In his August 22. 2012 column on this building, Mr. Miller observed that 

"Until two years after the end of the Civil War St. John’s Park was the most elegant residential neighborhood in Manhattan.   Refined Federal-style mansions and the beautiful Georgian-style St. John’s Chapel overlooked the idyllic park.  But then Trinity Church, owner of the land, sold the park to the Hudson River Railroad Company which replaced the park with a freight terminal. And there went the neighborhood.
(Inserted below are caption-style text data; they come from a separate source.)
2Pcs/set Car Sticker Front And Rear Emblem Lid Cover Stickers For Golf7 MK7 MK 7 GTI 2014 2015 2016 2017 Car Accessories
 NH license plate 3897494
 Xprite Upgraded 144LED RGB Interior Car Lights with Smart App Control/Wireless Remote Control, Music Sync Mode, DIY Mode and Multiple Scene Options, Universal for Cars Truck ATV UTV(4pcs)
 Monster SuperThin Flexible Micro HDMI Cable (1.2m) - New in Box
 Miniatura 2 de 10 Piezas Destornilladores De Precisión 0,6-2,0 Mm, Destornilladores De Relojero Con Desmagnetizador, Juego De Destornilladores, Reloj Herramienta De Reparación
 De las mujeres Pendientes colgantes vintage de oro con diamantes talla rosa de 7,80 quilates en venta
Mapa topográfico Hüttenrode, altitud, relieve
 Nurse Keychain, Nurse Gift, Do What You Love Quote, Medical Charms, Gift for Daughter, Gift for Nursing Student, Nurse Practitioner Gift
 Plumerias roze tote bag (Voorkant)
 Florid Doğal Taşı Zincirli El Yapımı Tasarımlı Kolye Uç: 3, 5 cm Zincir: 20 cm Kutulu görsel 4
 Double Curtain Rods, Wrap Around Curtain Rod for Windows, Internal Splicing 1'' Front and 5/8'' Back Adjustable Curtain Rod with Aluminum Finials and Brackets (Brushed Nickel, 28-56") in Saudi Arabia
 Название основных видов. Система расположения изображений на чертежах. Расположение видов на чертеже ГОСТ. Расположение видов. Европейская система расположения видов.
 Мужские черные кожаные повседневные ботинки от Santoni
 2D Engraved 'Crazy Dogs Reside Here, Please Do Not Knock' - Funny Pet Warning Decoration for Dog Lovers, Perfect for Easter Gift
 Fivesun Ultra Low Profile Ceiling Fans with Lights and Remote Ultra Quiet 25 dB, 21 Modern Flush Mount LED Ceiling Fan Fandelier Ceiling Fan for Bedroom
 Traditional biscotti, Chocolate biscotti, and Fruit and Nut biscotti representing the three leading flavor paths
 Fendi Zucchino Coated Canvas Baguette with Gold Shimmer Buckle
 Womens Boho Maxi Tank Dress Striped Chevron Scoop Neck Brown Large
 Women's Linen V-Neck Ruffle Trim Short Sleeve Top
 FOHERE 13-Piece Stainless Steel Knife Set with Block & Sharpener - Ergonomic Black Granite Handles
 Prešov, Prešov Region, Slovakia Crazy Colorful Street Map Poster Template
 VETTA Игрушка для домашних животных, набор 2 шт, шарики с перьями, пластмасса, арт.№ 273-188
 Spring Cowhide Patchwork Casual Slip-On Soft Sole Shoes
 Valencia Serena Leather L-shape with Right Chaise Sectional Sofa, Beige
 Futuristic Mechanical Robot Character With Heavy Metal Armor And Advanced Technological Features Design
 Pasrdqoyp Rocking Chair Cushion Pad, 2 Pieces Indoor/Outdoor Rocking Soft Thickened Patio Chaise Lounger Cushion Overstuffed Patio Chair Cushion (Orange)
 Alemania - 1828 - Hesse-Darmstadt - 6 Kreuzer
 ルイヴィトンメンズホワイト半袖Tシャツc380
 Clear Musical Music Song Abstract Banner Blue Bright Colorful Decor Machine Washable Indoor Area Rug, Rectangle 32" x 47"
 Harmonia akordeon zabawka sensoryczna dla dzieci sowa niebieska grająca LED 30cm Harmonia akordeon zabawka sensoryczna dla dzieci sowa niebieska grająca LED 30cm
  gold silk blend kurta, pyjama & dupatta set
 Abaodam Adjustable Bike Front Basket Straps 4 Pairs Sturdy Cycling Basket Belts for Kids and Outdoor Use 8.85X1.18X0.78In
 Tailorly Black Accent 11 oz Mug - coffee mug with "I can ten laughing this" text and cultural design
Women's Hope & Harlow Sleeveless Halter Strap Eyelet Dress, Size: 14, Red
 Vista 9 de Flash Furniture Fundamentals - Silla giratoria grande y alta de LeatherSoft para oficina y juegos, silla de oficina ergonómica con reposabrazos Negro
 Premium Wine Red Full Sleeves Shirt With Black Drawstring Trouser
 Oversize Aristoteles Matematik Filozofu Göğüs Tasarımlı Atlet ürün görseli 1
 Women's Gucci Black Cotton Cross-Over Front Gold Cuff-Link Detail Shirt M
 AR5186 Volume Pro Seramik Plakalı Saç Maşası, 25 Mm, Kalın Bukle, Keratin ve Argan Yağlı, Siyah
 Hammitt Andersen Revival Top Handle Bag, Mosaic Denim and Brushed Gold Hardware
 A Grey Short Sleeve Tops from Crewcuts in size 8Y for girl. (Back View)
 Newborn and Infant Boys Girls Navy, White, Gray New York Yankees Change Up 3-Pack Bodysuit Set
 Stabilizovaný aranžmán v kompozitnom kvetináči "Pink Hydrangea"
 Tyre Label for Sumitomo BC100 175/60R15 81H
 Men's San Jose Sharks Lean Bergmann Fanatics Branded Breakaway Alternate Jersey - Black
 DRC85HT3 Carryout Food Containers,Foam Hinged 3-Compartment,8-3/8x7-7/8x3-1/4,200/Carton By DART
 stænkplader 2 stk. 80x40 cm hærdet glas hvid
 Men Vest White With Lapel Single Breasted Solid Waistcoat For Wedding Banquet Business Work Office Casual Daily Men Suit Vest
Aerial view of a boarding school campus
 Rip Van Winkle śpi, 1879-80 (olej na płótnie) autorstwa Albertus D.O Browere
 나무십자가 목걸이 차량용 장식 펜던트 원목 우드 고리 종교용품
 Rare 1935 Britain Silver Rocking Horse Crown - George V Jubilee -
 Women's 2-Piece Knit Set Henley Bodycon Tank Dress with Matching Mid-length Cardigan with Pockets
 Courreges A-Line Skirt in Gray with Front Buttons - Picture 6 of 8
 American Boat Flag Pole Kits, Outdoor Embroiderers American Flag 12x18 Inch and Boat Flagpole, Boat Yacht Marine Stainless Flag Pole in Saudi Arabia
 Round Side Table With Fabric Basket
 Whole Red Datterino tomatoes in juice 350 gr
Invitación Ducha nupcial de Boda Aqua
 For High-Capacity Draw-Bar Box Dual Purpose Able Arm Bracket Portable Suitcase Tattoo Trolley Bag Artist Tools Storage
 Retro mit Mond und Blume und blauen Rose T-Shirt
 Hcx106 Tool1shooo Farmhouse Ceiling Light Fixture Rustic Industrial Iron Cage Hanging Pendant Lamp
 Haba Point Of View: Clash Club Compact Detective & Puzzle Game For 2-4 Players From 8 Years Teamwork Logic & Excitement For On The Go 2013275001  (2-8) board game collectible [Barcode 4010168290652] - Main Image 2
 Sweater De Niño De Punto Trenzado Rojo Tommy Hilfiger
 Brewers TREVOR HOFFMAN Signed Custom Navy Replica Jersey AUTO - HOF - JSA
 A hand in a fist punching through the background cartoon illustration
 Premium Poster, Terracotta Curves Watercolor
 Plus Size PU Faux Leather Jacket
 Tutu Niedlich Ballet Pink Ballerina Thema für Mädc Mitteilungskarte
By the approach of the turn of the century the mansions had been demolished or converted for commercial use - mostly storehouses that took advantage of the convenient location near the freight yard.  In 1893 John H. Wray joined in the development....When John Wray transferred the title to the warehouse to his wife, Eliza T. Wray on December 20, 1900, the valuation of the property had increased to $165,000.  The couple was living in Laurel Hill, Long Island at the time. Twelve years later Eliza would sell the building, prompting The New York Times to note “it marks the first change of ownership in the property for over sixty years.”  The newspaper waxed nostalgic about the site, saying “Diagonally opposite is the large New York Central freight depot covering what was formerly St. John’s Park and around which seventy-five years ago some of the most fashionable residences of the city were located....The buyer of the building remained unknown for a few months, until Electric World announced a few months later that it was the John A. Roebling Sons Company....The Roebling firm was operated by the sons of the German-born civil engineer John Augustus Roebling who became famous for his wire rope suspension bridges, most notably the ground-breaking Brooklyn Bridge.    The sons, Washington, Charles and Ferdinand, expanded their father’s wire rope manufacturing business.  Their success was visibly evident when the town of Roebling, New Jersey sprang up around their company steel mill. 

The very large residential condominium, "most around 4,383 square feet, with penthouse duplexes measuring 6,450 square feet, became home to well-known residents including Sean 'P. Diddy' Combs; Chris Heinz, the son of socialite Teresa Heinz Kerry; and actor Waksal’s daughter Aliza."